No calendário palestino, as primeiras chuvas após o verão
escaldante são chamadas de “a Cruz” (as-salib). É a época da colheita da tâmara e das azeitona.
Hoje, a chuva dá aos habitantes de Gaza a oportunidade de
se lavarem, mas ainda falta água para a boca. A organização Visualizing
Palestine afirma que 97% da água na Faixa de Gaza já era imprópria para consumo
mesmo antes dos últimos ataques israelitas. Estes ataques, além de destruírem
vidas, habitações, centros educativos e hospitais, atacaram também três
estações elevatórias de água potável, uma reserva de água e seis poços que
abasteciam diversas famílias vizinhas.
No norte, as posições das tropas israelitas impedem o
funcionamento de uma grande central de dessalinização, bem como de outras
instalações dedicadas ao tratamento de águas residuais. No sul, 70% das pessoas
não têm acesso a água potável e em Khan Yunis, a central de dessalinização funciona
com apenas 5% da sua capacidade. Três litros de água por pessoa por dia é a
média que os habitantes de Gaza recebem neste momento, quando a contribuição
mínima que deveriam receber, segundo a OMS, é de 100 litros.
Nas zonas não ocupadas pelas tropas israelitas, no centro
e no sul da Faixa, é a falta de electricidade que impede os municípios de
conseguirem distribuir água corrente ou bombear o esgoto que corre pelas ruas.

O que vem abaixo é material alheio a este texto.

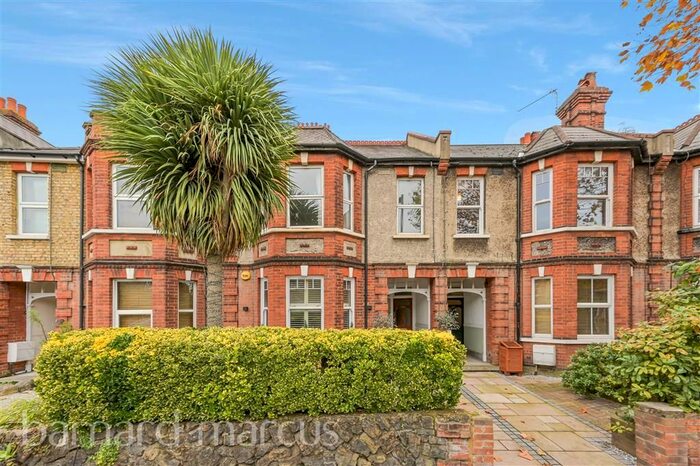 4 Bedroom Flat To Rent In Villiers Road, Kingston Upon Thames KT1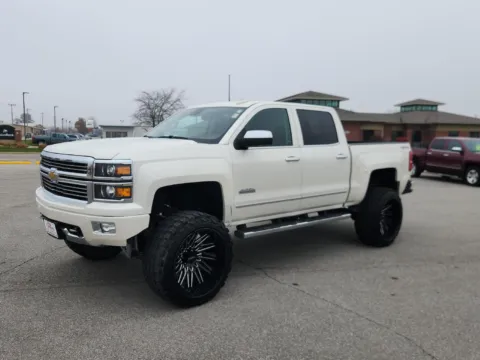 White 2015 Chevrolet Silverado 1500 High Country for sale in Boone, IA
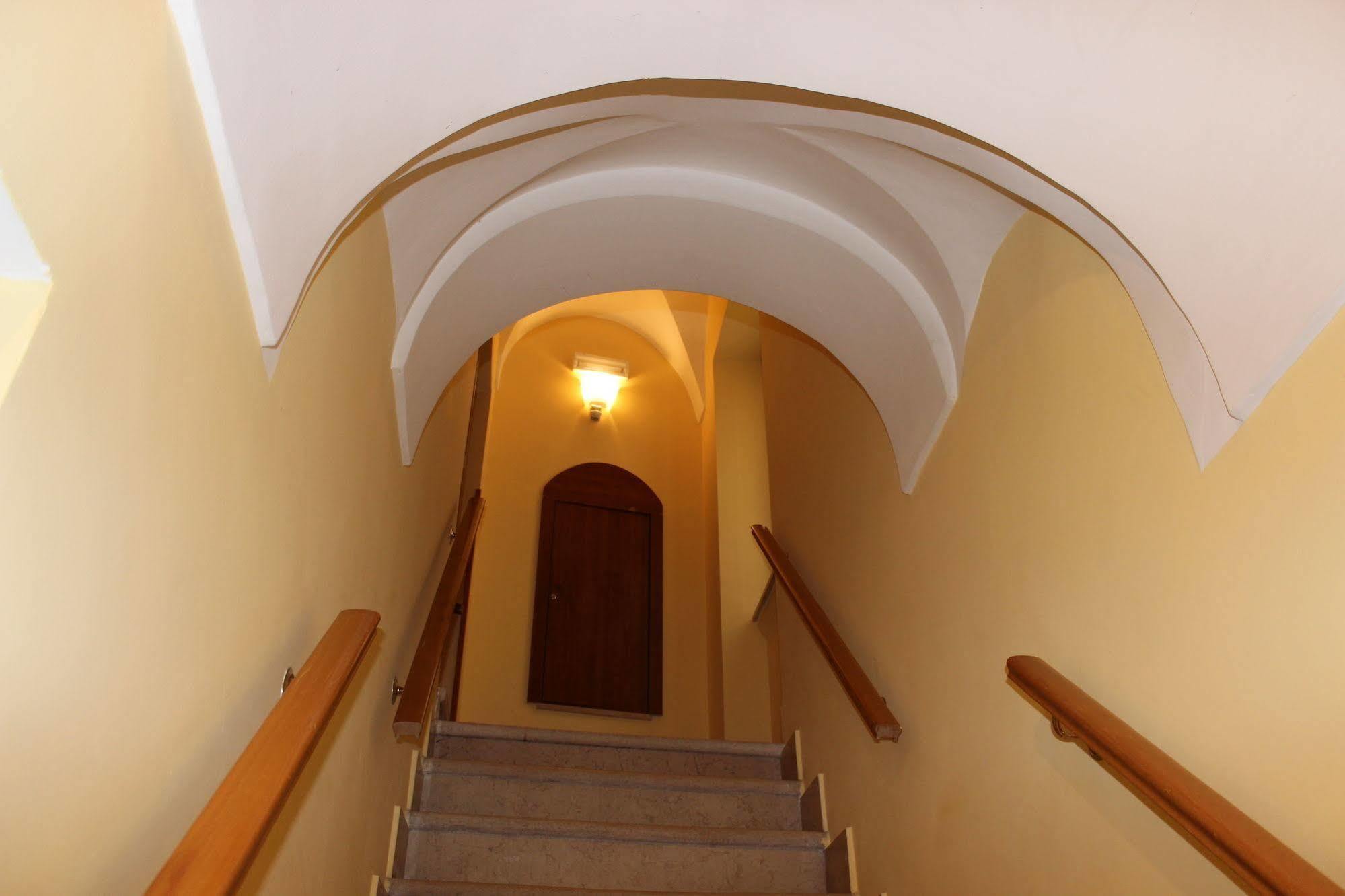 Albergo Ristorante Del Cacciatore Foggia Exterior photo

Depois de muita insistência, a ONU conseguiu trazer combustível para o
fornecimento de energia, embora Netanyahu já tenha dito publicamente que não o
fez por razões humanitárias, mas para que as suas tropas não corressem perigo
caso as epidemias se espalhassem.
Muitas ONGs, incluindo membros de agências da ONU, denunciaram que Netanyahu está a usar a água como arma de guerra. A verdade é que a Faixa de Gaza já sofria as consequências da exploração dos seus recursos hídricos pelas colónias israelitas que ali se instalaram até à “retirada” israelita – ou melhor, à relocalização – de Gaza em 2005. No ano passado, a COP27, a Mudança Climática Convenção, foi realizada em Sharm El Sheikh (Egito). A ONG palestiniana de direitos humanos, Al-Mezan, lembrou então que a luta do povo palestiniano “é também uma luta pela justiça climática”, principalmente no contexto do bloqueio israelita à Faixa de Gaza, iniciado em 2007 .

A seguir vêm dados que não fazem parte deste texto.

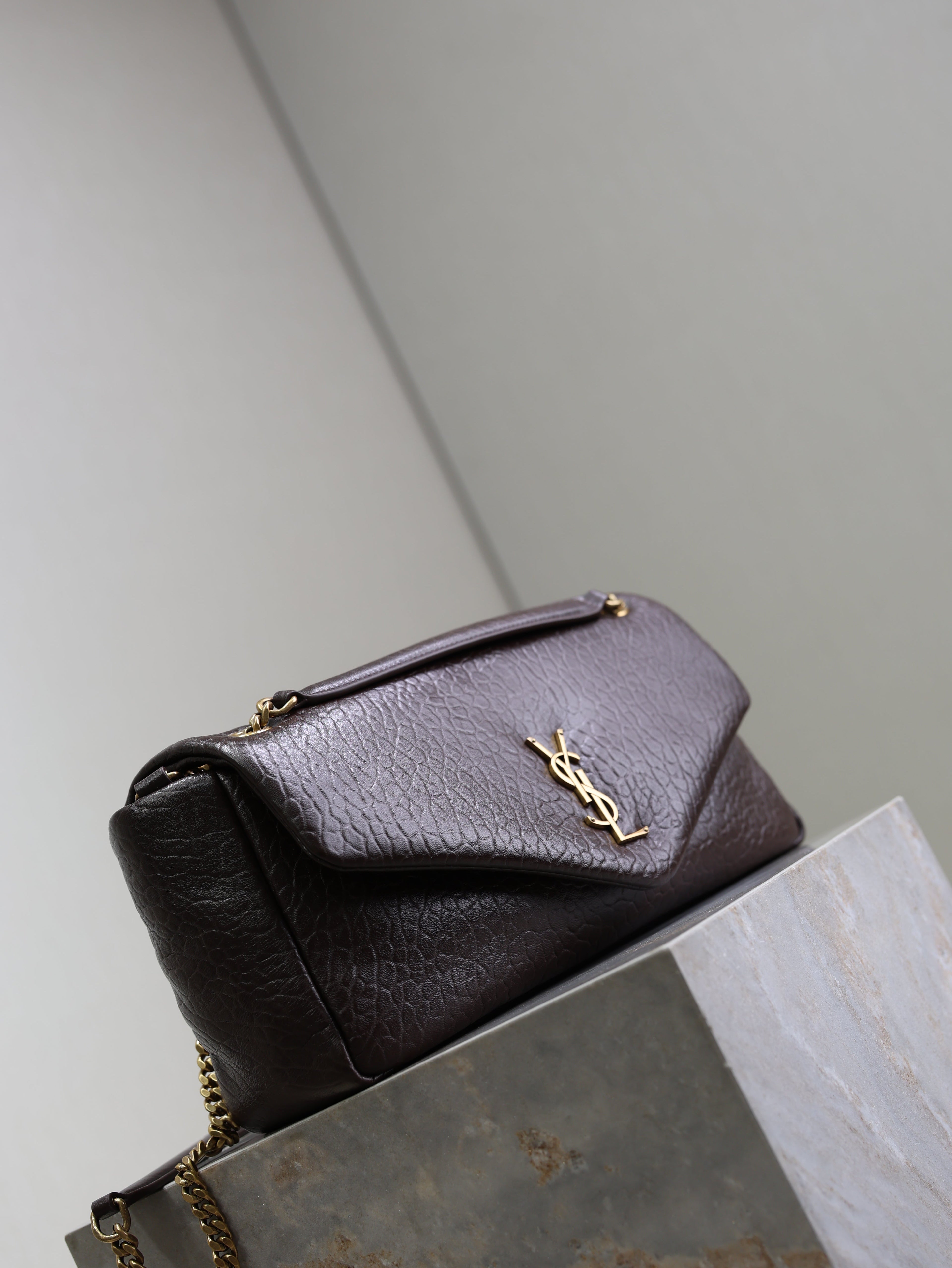YSL 25S CALYPSO 30 IN DARK CHOCOLATE GRAINED CALFSKIN GOLD HARDWRE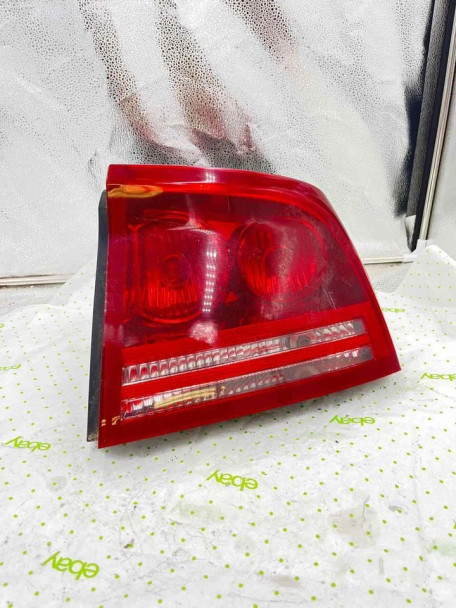 06 07 08 DODGE CHARGER Tail Light Assembly Right passenger side 06 07 08 DODGE CHARGER Tail Light Assembly Right passenger side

Num relatório elaborado pelo PNGO, um grupo de 145 ONG palestinianas, intitulado O contexto ambiental na Faixa de Gaza e o papel das ONGs, afirma-se que a ocupação israelita é "o principal impedimento ao desenvolvimento e melhoria de diversas áreas da vida " e que o setor mais afetado "é o ambiental". Dezesseis anos de bloqueio criaram montanhas de escombros de casas bombardeadas, restos de resíduos sólidos que mal são tratados ou passam por processo de reciclagem. Também levou à utilização de pesticidas nocivos para a agricultura porque, simplesmente, é isso que as autoridades israelitas permitem que sejam importados para Gaza.
A água está incluída nos planos colonialistas do movimento sionista desde 1937, ano em que criou a empresa Mekorot para desviar este recurso natural palestiniano para colonatos, levando as suas condutas de água até ao Deserto de Naqab (Neguev). Em 1948, com a Nakba Palestina e a criação do Estado de Israel, a Mekorot tornou-se a Companhia Nacional de Águas de Israel.

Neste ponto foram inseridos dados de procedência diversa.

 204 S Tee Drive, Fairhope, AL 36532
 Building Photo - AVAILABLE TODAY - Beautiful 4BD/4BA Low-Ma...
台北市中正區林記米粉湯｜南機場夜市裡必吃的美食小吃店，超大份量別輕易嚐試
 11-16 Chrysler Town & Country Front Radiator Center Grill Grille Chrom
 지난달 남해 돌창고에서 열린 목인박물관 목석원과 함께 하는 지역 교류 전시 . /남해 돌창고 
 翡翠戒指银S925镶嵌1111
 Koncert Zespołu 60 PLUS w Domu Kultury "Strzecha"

Desde então, os rios da Palestina histórica já não podem
seguir o seu curso nem a sua finalidade natural, que é alimentar, na Faixa de
Gaza, o aquífero costeiro ou os rios dos seus quatro vales: o Vale de Gaza, o
Vale do Salqa, o Beit Vale Hanun e Vale Al-Douh. Os rios que correm por estes
vales só transportam água quando as autoridades israelitas têm excedente em
tempos de chuvas torrenciais e abrem as comportas das suas barragens, inundando
as zonas dos antigos canais, e até alguns bairros da Cidade de Gaza, sem aviso
prévio à população, prejudicando as colheitas, os barracos das comunidades
beduínas e as pastagens dos seus rebanhos.
ISABEL PÉREZ PÉREZ e BAHAA SHAHRA RAUF, Água e paz para Gaza - Climática.